In another milestone for the improving fortunes of the River Tyne's offshore industrial base, Enquest Producer, a 248m, 92,000tonne Floating Production Storage Offshore (FPSO) unit is the largest vessel to undergo work on the Tyne for 10 years.
She has been towed from Hamburg to Wallsend-based OGN for commissioning before being placed in Enquest's Alma/Galia development which is revitalising the Argyll oilfield. The work on the Tyne is expected to take 8 months and has created a number of jobs.
The vessel arrived under tow and without engines making it a challenging job for the Port of Tyne's team of Pilots.
Captain Mike Nicholson, Port of Tyne Harbour Master, said: “We have developed a good level of experience in handling FPSO’s but working with a ‘dead ship’ with no power always requires careful planning.
“Conditions have to be just right, the weather will be critical, we will need winds of force 4 or less with benign sea and swell. Three of our most senior Pilots will be employed to coordinate five tugs with a total pulling force of over 400 tonnes.”
Seven oil production wells and two water injection wells will be feeding crude to the EnQuest Producer, capable of processing 57,000 barrels per day and storing 625,000 barrels (almost 100 million litres) of crude oil.

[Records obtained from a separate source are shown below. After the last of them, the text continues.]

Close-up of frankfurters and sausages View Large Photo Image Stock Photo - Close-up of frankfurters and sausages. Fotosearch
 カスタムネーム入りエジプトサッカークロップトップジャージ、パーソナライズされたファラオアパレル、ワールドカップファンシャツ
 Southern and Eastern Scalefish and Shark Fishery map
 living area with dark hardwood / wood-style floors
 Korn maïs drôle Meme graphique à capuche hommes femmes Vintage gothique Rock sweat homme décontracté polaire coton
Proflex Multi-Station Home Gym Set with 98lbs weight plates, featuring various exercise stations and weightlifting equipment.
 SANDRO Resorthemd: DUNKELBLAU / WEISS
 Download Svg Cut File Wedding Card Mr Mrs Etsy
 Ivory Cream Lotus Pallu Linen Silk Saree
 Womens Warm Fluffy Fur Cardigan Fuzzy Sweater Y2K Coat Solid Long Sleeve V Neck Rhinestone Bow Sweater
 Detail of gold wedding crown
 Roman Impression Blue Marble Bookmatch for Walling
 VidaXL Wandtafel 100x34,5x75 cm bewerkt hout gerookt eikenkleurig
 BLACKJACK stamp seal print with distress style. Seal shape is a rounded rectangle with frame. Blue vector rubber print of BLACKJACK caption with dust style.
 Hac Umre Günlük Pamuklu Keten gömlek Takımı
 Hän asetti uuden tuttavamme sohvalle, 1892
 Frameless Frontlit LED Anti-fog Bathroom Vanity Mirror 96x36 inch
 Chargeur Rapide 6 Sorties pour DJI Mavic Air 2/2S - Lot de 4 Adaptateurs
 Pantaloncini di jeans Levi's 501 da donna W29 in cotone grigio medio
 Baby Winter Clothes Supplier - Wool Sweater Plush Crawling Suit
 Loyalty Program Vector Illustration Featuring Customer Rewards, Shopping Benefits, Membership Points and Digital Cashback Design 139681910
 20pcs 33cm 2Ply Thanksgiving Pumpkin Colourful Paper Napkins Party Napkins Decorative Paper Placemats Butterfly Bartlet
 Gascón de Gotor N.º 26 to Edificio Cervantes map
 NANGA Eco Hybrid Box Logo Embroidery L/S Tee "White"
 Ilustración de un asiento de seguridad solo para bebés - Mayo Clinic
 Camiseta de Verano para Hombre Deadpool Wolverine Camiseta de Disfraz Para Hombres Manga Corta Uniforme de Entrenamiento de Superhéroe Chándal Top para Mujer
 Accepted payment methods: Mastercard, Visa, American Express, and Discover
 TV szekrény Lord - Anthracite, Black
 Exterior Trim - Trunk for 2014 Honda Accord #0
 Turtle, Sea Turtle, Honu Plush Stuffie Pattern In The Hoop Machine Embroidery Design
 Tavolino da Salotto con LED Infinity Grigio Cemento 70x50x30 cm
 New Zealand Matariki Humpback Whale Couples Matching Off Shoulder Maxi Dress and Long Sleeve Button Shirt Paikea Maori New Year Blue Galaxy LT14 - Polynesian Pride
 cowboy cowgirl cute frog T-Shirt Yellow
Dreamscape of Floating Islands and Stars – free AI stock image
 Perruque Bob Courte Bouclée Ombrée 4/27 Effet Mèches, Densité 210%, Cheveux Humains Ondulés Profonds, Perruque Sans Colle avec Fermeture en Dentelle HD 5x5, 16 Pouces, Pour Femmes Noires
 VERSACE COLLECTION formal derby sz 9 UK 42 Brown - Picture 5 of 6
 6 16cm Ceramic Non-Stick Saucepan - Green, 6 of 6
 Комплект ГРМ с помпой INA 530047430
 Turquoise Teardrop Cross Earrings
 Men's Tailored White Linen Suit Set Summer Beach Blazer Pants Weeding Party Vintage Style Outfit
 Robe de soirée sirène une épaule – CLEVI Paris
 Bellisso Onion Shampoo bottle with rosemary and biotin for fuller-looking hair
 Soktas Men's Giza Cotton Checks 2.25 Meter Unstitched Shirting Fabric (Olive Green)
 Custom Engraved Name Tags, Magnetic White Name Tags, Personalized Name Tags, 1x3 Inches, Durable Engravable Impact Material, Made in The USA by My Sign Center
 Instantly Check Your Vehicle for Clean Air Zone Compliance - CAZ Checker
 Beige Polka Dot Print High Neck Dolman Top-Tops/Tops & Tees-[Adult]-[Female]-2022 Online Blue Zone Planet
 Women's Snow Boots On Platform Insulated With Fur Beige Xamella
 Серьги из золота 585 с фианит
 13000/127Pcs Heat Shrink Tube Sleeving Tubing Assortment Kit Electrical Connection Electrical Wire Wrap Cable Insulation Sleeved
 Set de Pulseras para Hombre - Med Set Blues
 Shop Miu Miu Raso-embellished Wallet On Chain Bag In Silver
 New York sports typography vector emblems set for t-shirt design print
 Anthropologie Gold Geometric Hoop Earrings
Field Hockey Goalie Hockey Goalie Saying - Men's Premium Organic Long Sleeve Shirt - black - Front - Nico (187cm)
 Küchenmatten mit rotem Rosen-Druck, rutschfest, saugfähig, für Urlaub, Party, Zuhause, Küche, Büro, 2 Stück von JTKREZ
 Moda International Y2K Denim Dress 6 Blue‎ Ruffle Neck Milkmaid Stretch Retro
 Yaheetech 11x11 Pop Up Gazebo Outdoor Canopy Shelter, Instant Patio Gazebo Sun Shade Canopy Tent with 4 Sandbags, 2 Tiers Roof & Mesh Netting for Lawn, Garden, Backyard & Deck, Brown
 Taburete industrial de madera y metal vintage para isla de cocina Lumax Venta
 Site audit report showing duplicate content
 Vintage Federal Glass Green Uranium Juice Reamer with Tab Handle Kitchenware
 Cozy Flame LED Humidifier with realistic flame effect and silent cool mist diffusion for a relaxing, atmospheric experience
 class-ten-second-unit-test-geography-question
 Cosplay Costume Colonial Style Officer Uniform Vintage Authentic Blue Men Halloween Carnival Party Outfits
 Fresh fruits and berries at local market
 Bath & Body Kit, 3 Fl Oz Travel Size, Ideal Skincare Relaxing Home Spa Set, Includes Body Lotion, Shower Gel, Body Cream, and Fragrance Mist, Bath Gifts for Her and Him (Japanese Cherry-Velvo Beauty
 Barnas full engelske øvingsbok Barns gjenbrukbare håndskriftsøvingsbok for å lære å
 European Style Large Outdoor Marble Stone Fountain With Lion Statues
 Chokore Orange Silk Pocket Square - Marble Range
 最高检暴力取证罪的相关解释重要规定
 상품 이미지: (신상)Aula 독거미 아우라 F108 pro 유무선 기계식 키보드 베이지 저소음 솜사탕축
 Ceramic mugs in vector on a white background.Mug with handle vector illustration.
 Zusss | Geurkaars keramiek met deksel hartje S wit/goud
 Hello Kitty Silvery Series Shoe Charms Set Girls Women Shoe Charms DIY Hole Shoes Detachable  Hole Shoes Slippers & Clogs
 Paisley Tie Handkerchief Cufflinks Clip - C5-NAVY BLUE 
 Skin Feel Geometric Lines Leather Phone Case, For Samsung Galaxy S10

EnQuest Producer has been undergoing major modification and life extension work at the Hamburg shipyard of Blohm and Voss before being moved to the Tyne for completion.
Enquest Producer will be Located in the central North Sea, 310km south-east of Aberdeen, in water depth of approximately 80m.
Argyll was first discovered in 1971 and four years later was the first North Sea field to produce oil before being decommissioned twice over the subsequent decades.